INPUT DATA: Begin
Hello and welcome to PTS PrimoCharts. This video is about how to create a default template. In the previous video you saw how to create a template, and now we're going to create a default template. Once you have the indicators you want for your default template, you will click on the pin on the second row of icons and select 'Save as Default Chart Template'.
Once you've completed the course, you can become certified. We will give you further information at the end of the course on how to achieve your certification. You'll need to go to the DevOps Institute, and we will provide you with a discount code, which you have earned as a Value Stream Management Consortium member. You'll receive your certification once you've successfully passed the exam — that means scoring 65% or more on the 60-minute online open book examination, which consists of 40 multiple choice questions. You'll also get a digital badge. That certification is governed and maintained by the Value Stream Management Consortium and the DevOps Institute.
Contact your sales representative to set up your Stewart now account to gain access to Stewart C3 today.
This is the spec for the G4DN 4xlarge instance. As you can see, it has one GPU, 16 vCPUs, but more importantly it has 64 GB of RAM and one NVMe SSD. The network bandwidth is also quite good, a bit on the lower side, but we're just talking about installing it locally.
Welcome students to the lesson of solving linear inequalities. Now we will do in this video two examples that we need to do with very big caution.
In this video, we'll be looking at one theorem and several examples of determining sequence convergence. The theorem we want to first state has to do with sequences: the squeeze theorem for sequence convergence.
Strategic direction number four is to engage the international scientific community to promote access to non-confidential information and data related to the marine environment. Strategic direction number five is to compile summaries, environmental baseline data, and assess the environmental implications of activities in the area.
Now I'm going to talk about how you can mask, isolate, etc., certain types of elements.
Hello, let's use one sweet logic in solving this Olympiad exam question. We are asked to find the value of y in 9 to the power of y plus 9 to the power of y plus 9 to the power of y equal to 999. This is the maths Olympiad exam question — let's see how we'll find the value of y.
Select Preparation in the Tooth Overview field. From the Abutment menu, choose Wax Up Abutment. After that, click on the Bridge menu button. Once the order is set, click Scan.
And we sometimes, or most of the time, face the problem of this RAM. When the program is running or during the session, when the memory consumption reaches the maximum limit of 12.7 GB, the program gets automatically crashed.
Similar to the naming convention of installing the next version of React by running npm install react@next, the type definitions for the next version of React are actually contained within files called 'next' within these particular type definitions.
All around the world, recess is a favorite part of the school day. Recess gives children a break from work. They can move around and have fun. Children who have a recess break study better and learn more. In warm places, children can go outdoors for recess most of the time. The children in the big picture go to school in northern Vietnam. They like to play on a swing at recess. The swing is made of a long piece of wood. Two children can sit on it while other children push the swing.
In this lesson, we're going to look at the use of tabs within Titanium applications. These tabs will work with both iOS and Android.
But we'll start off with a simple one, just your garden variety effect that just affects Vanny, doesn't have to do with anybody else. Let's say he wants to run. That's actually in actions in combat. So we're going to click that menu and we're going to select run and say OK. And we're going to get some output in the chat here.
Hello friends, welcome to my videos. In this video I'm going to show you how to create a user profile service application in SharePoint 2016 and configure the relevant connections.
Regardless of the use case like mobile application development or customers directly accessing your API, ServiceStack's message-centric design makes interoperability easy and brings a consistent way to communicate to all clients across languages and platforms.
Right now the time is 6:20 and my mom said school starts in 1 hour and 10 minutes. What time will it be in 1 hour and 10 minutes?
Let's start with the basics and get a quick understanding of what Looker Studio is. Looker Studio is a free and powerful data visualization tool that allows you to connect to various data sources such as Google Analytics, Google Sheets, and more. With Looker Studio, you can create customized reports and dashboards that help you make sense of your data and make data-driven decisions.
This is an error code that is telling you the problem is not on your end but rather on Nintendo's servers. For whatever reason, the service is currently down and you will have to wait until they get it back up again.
INPUT DATA: End
[AIM OF THE TASK]
Please output the full listing, keeping every character the same.

[EXERCISE OUTPUT]
Hello and welcome to PTS PrimoCharts. This video is about how to create a default template. In the previous video you saw how to create a template, and now we're going to create a default template. Once you have the indicators you want for your default template, you will click on the pin on the second row of icons and select 'Save as Default Chart Template'.
Once you've completed the course, you can become certified. We will give you further information at the end of the course on how to achieve your certification. You'll need to go to the DevOps Institute, and we will provide you with a discount code, which you have earned as a Value Stream Management Consortium member. You'll receive your certification once you've successfully passed the exam — that means scoring 65% or more on the 60-minute online open book examination, which consists of 40 multiple choice questions. You'll also get a digital badge. That certification is governed and maintained by the Value Stream Management Consortium and the DevOps Institute.
Contact your sales representative to set up your Stewart now account to gain access to Stewart C3 today.
This is the spec for the G4DN 4xlarge instance. As you can see, it has one GPU, 16 vCPUs, but more importantly it has 64 GB of RAM and one NVMe SSD. The network bandwidth is also quite good, a bit on the lower side, but we're just talking about installing it locally.
Welcome students to the lesson of solving linear inequalities. Now we will do in this video two examples that we need to do with very big caution.
In this video, we'll be looking at one theorem and several examples of determining sequence convergence. The theorem we want to first state has to do with sequences: the squeeze theorem for sequence convergence.
Strategic direction number four is to engage the international scientific community to promote access to non-confidential information and data related to the marine environment. Strategic direction number five is to compile summaries, environmental baseline data, and assess the environmental implications of activities in the area.
Now I'm going to talk about how you can mask, isolate, etc., certain types of elements.
Hello, let's use one sweet logic in solving this Olympiad exam question. We are asked to find the value of y in 9 to the power of y plus 9 to the power of y plus 9 to the power of y equal to 999. This is the maths Olympiad exam question — let's see how we'll find the value of y.
Select Preparation in the Tooth Overview field. From the Abutment menu, choose Wax Up Abutment. After that, click on the Bridge menu button. Once the order is set, click Scan.
And we sometimes, or most of the time, face the problem of this RAM. When the program is running or during the session, when the memory consumption reaches the maximum limit of 12.7 GB, the program gets automatically crashed.
Similar to the naming convention of installing the next version of React by running npm install react@next, the type definitions for the next version of React are actually contained within files called 'next' within these particular type definitions.
All around the world, recess is a favorite part of the school day. Recess gives children a break from work. They can move around and have fun. Children who have a recess break study better and learn more. In warm places, children can go outdoors for recess most of the time. The children in the big picture go to school in northern Vietnam. They like to play on a swing at recess. The swing is made of a long piece of wood. Two children can sit on it while other children push the swing.
In this lesson, we're going to look at the use of tabs within Titanium applications. These tabs will work with both iOS and Android.
But we'll start off with a simple one, just your garden variety effect that just affects Vanny, doesn't have to do with anybody else. Let's say he wants to run. That's actually in actions in combat. So we're going to click that menu and we're going to select run and say OK. And we're going to get some output in the chat here.
Hello friends, welcome to my videos. In this video I'm going to show you how to create a user profile service application in SharePoint 2016 and configure the relevant connections.
Regardless of the use case like mobile application development or customers directly accessing your API, ServiceStack's message-centric design makes interoperability easy and brings a consistent way to communicate to all clients across languages and platforms.
Right now the time is 6:20 and my mom said school starts in 1 hour and 10 minutes. What time will it be in 1 hour and 10 minutes?
Let's start with the basics and get a quick understanding of what Looker Studio is. Looker Studio is a free and powerful data visualization tool that allows you to connect to various data sources such as Google Analytics, Google Sheets, and more. With Looker Studio, you can create customized reports and dashboards that help you make sense of your data and make data-driven decisions.
This is an error code that is telling you the problem is not on your end but rather on Nintendo's servers. For whatever reason, the service is currently down and you will have to wait until they get it back up again.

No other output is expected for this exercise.